Il ruolo di Thaci, nell'ultimo decennio, viene denunciato dai rapporti delle agenzie antidroga di cinque Paesi diversi. Il gruppo di Drenica era un nocciolo duro dell'Esercito di liberazione del Kosovo, che grazie ai bombardamenti della Nato ha sconfitto i serbi costringendoli a ritirarsi da Pristina. Secondo il rapporto del Consiglio d'Europa, Thaci e i suoi sono responsabili di «omicidi, detenzioni, pestaggi e interrogatori» di prigionieri anche dopo la fine delle ostilità nel 1999. Gli investigatori europei sostengono che almeno 500 persone sono scomparse in Kosovo dopo l'arrivo delle truppe della Nato. Un centinaio erano albanesi accusati di collaborazionismo o rivali di Thaci. Gli altri in gran parte serbi o rom considerati alleati di Belgrado. Solo una quarantina sarebbero sopravvissuti.

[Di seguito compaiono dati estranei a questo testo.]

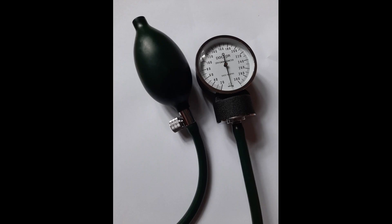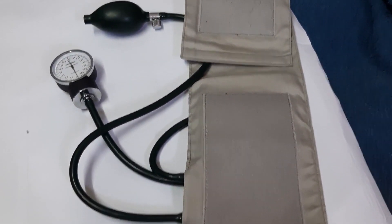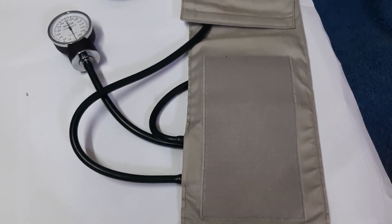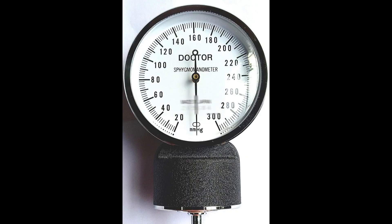Hello friends, today let's learn how to measure blood pressure. Here is an aneroid sphygmomanometer. On this dial gauge, the largest lines indicate units of 20, medium lines indicate units of 10, and short lines indicate units of 2.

Il premier kosovaro, seppure con una flessione nei consensi, ha di nuovo vinto le elezioni di domenica scorsa. L'aspetto più inquietante è che il rapporto accusa la sua struttura mafiosa di essere coinvolta nel traffico di organi. In particolare reni, che sarebbero stati estratti in Albania a prigionieri serbi.

I poveretti erano detenuti in sei località segrete nell'Albania settentrionale, dove l'Esercito di liberazione del Kosovo di Thaci aveva le sue basi. Un ufficiale medico dei guerriglieri, Shaip Muja, avrebbe avuto un «ruolo centrale nel traffico di organi». Muja, fin dalla lotta per l'indipendenza, era un fedelissimo di Thaci. Oggi lavora nell'ufficio del primo ministro come consigliere per la sanità. I prigionieri serbi più adatti venivano sottoposti ad analisi del sangue per la compatibilità e poi spostati a Fushë-Krujë, una città a nord di Tirana, dove era stata approntata una specie di clinica. Secondo dei testimoni citati dal rapporto i disgraziati capivano a cosa andavano incontro e scongiuravano i carcerieri «di non venir tagliati in pezzi». Poco prima dell'espianto venivano uccisi con un colpo di pistola alla testa. Poi «i reni erano segretamente trasportati dall'Albania ad Istanbul». Secondo il rapporto, Muja, il dottor morte uomo di Thaci, era «in affari con Yusuf Sonmenz ai tempi della guerra in Kosovo». Sonmez è un chirurgo turco ricercato dall'Interpol per il suo coinvolgimento nel traffico di organi scoperto due anni fa a Pristina. Proprio ieri si è aperto il processo sulla clinica Medicus di Pristina, dove venivano attirati russi, moldavi, kazachi e turchi disperati e pronti a vendere un rene. Altrettanti pazienti canadesi, tedeschi, polacchi e israeliani pagavano 90mila euro per il trapianto illegale. «Il governo del Kosovo e il primo ministro utilizzeranno tutti i mezzi necessari, legali e politici, per smontare questa diffamazione», si legge in un comunicato di Pristina. In visita ufficiale a Mosca, il ministro degli Esteri serbo Vuk Jeremic, riferendosi a Thaci, ha dichiarato: «A proposito del suo coinvolgimento nello spaccio di eroina, nella tratta di esseri umani, nel traffico di organi e del suo ruolo come capo di uno dei clan criminali più organizzati esistenti nei Balcani, non so proprio quale tipo di avvenire possa avere».